(THE DATA)

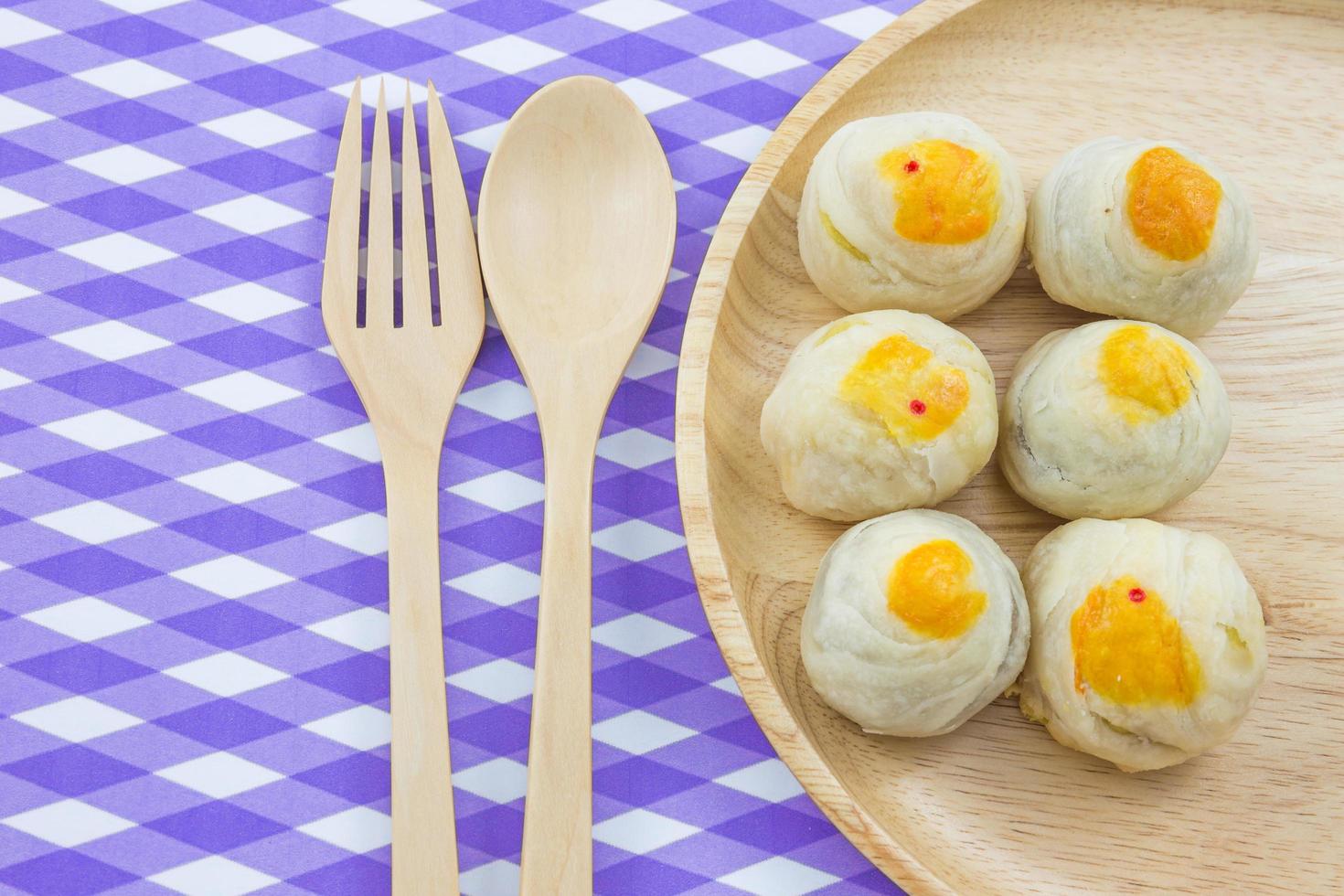 Chinese Pastry Mung Bean or Mooncake with Egg Yolk on wooden dish and spoon fork striped cloth photo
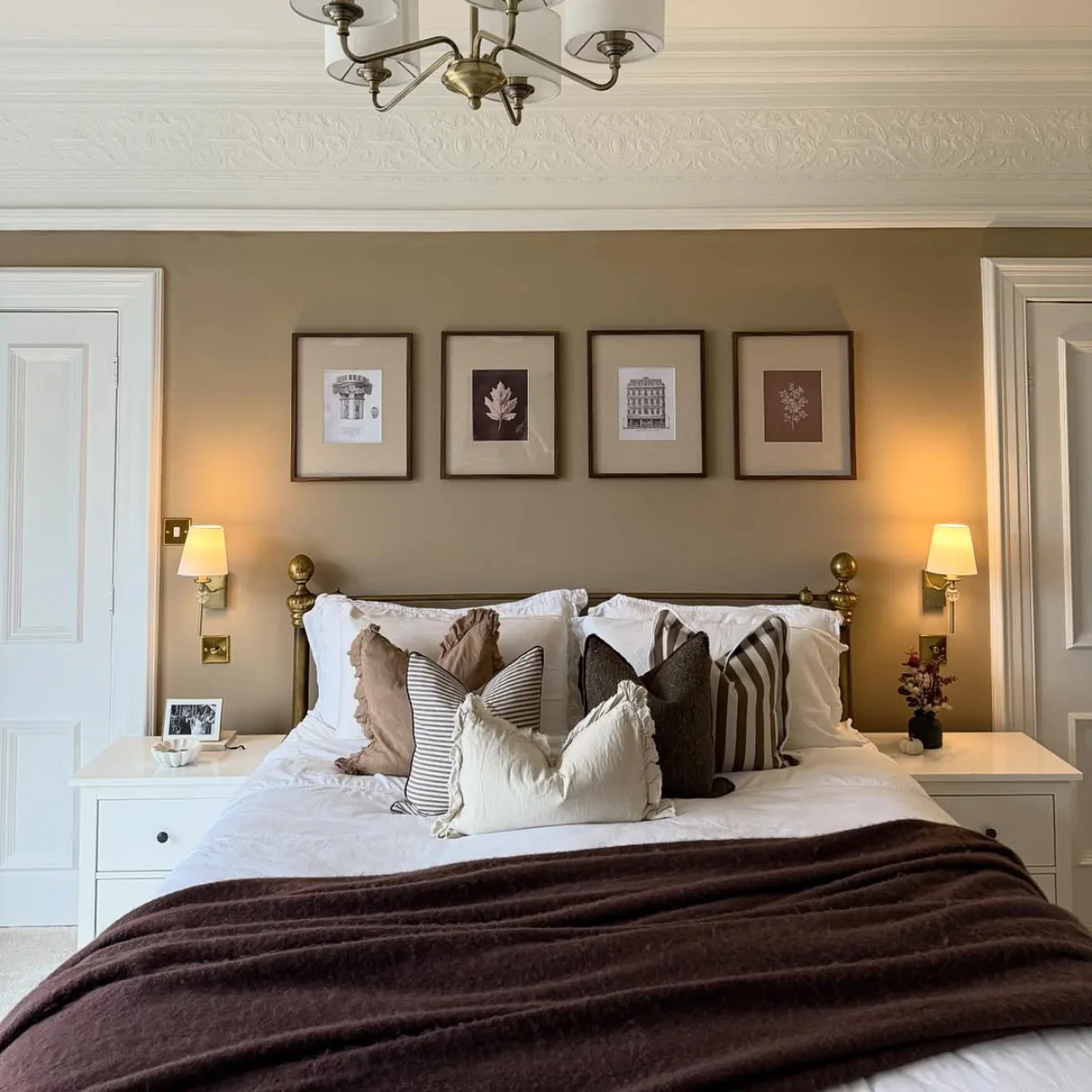 Kamar tidur bergaya klasik vintage dengan cat dinding warna cokelat taupe, detail plafon ukir, dan rangka tempat tidur kuningan.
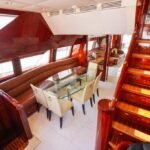 Staircase leading to upper deck, showcasing the elegant interior of Dubai's 95 ft yacht
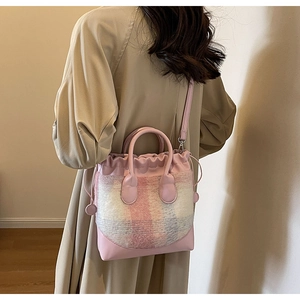 Sac seau à carreaux peluche rose avec cordon de serrage porté par un mannequin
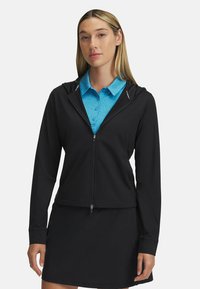 Black zip-up hoodie with a hood, made from smooth material, paired with a blue collared shirt. Smooth texture and fitted design.
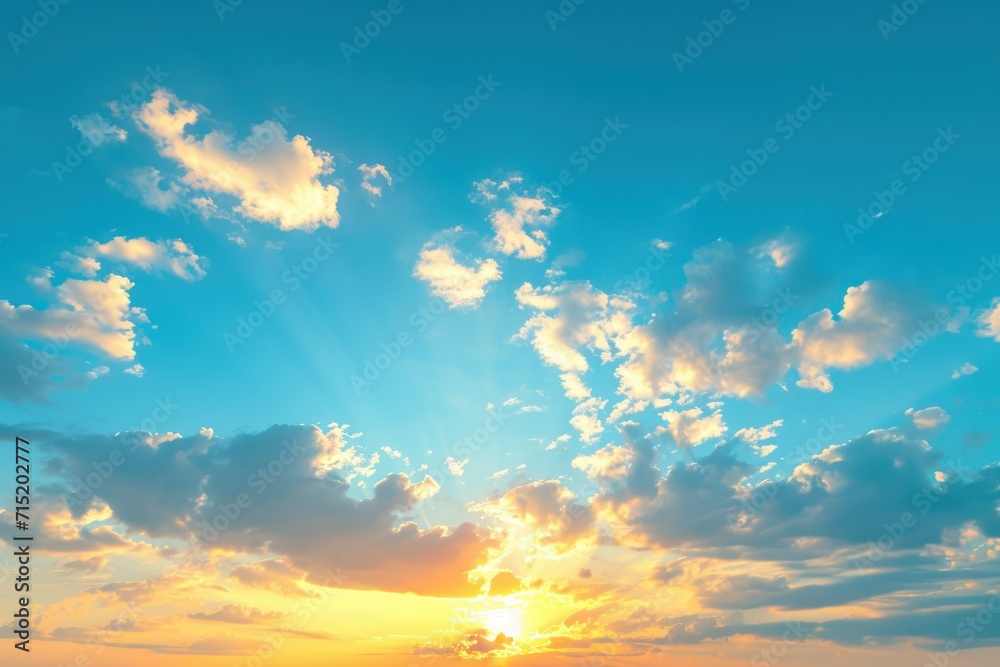 a sunset on a plain blue sky with clouds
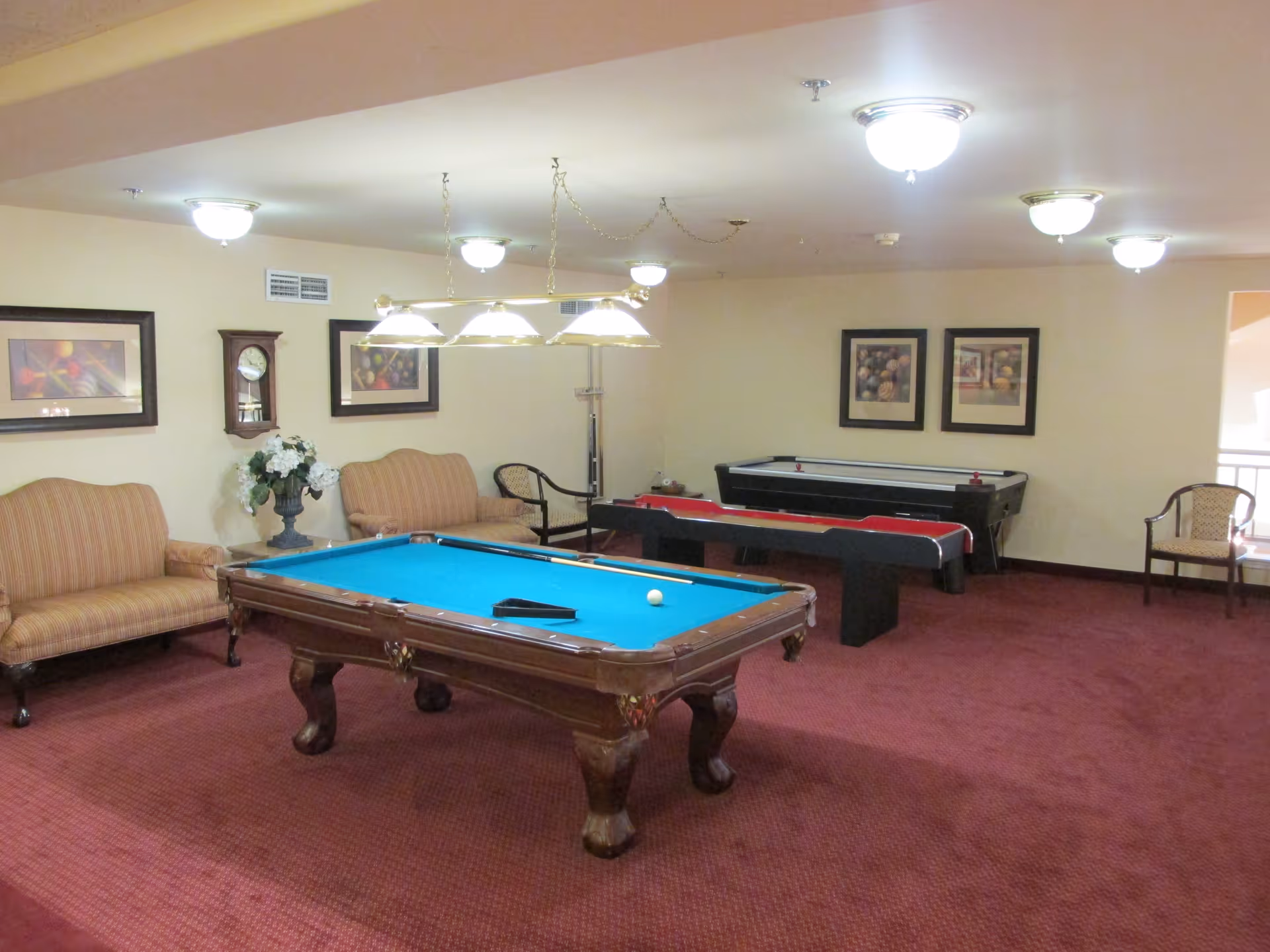 Recreation room with a pool table, an air hockey/table game, seating and framed artwork on the walls.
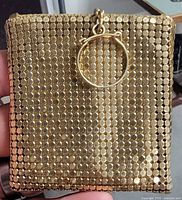 Front view showing gold hexagonal mesh and ring clasp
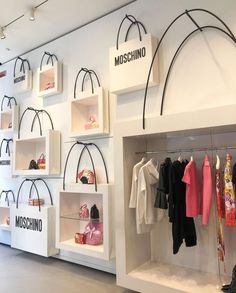 the inside of a clothing store with clothes on shelves and bags hanging from the ceiling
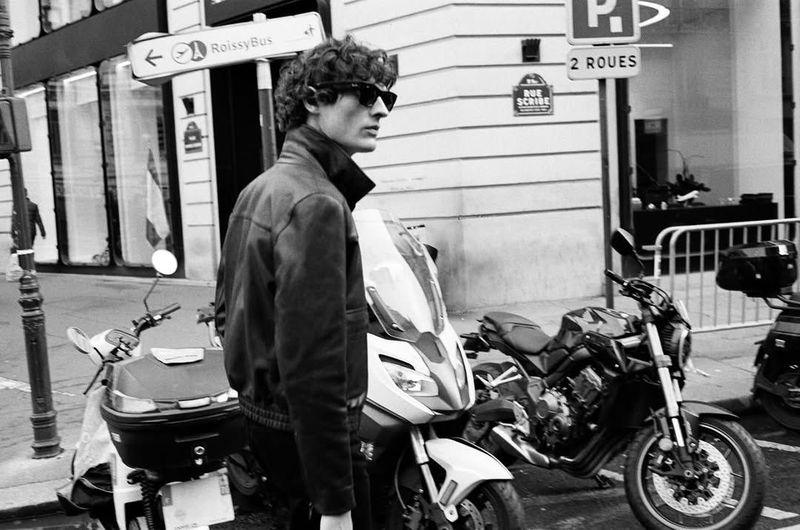 Man in leather jacket and sunglasses stands next to motorcycles on a city street with European signage in black and white.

(TASK GOAL) Looking at the listing above, which lines run from the one containing "Staircase leading to" through the one containing "the inside of"? Print exactly those, ends included, pictures excluded.

(OUTPUT FOR THIS EXERCISE)
 Staircase leading to upper deck, showcasing the elegant interior of Dubai's 95 ft yacht
 Sac seau à carreaux peluche rose avec cordon de serrage porté par un mannequin
 Black zip-up hoodie with a hood, made from smooth material, paired with a blue collared shirt. Smooth texture and fitted design.
 a sunset on a plain blue sky with clouds
 Recreation room with a pool table, an air hockey/table game, seating and framed artwork on the walls.
 Front view showing gold hexagonal mesh and ring clasp
 the inside of a clothing store with clothes on shelves and bags hanging from the ceiling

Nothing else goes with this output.